Task details:
Leave the pictures out and print, word for word, the lines below from the one with "Audemars Piguet Royal" through the final line.

Supplied data:
- Opening Delimiter -

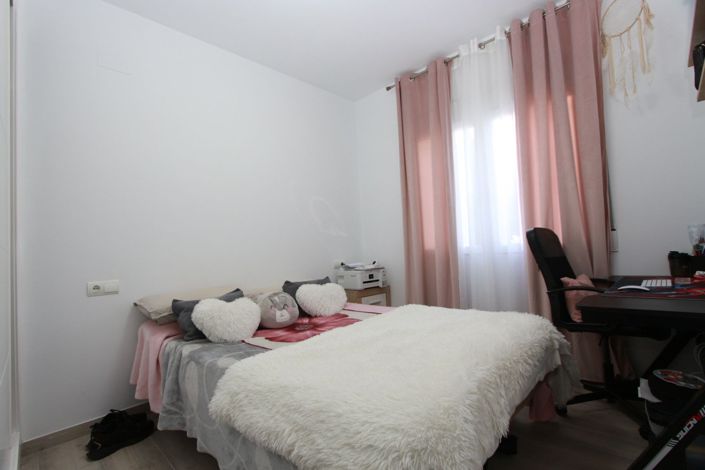 Image No.16-3 Bed Bungalow for sale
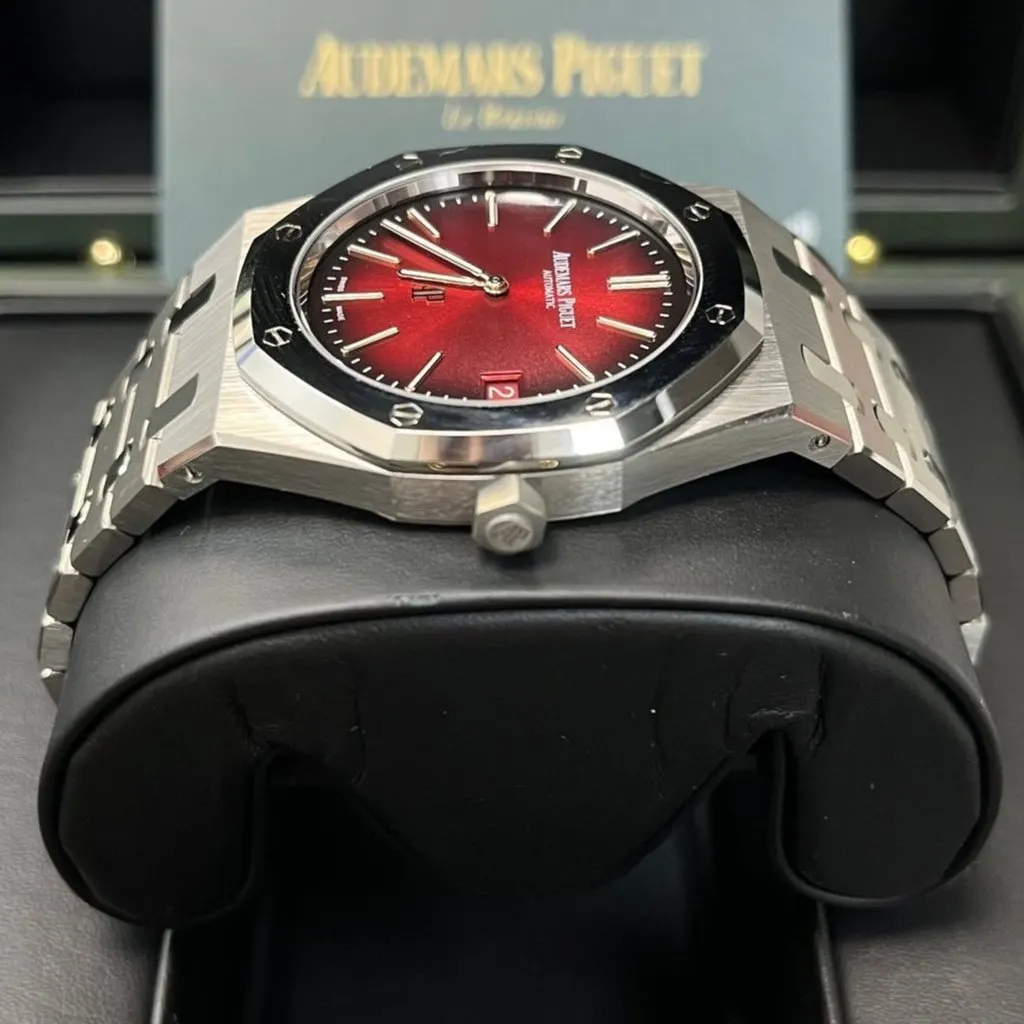 Audemars Piguet Royal Oak 39mm Red Never worn - Box View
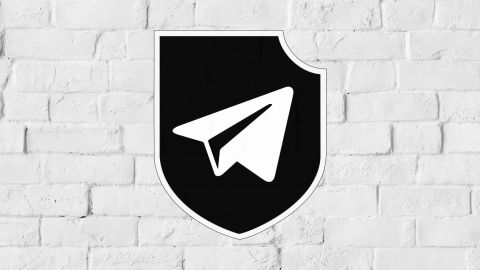 Le sigle de terrorgram sur un mur de briques blanches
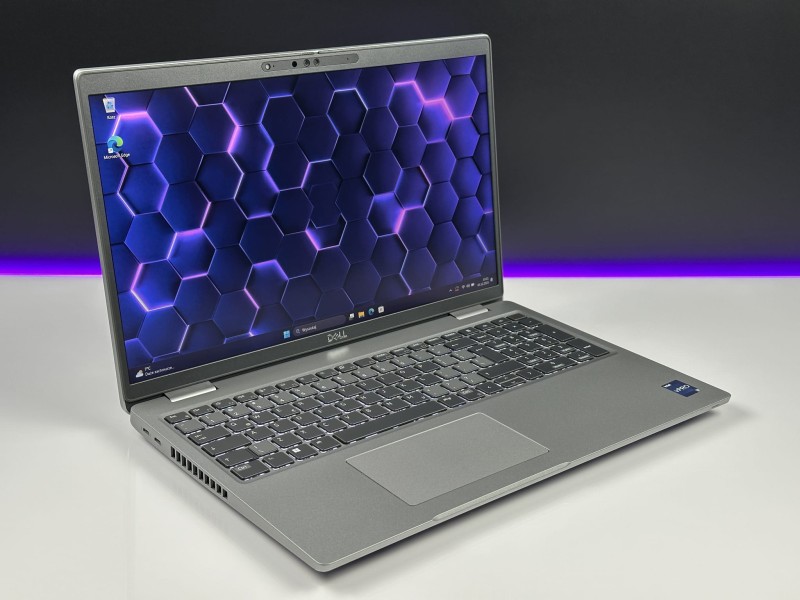 Dell Latitude 5530 – i7-1265U i dotykowa matryca FHD 15.6. Biznesowy laptop do pracy biurowej, mobilnej i multitaskingu. Wysoka wydajność (3).JPG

- Closing Delimiter -

Task solution:
 Audemars Piguet Royal Oak 39mm Red Never worn - Box View
 Le sigle de terrorgram sur un mur de briques blanches
 Dell Latitude 5530 – i7-1265U i dotykowa matryca FHD 15.6. Biznesowy laptop do pracy biurowej, mobilnej i multitaskingu. Wysoka wydajność (3).JPG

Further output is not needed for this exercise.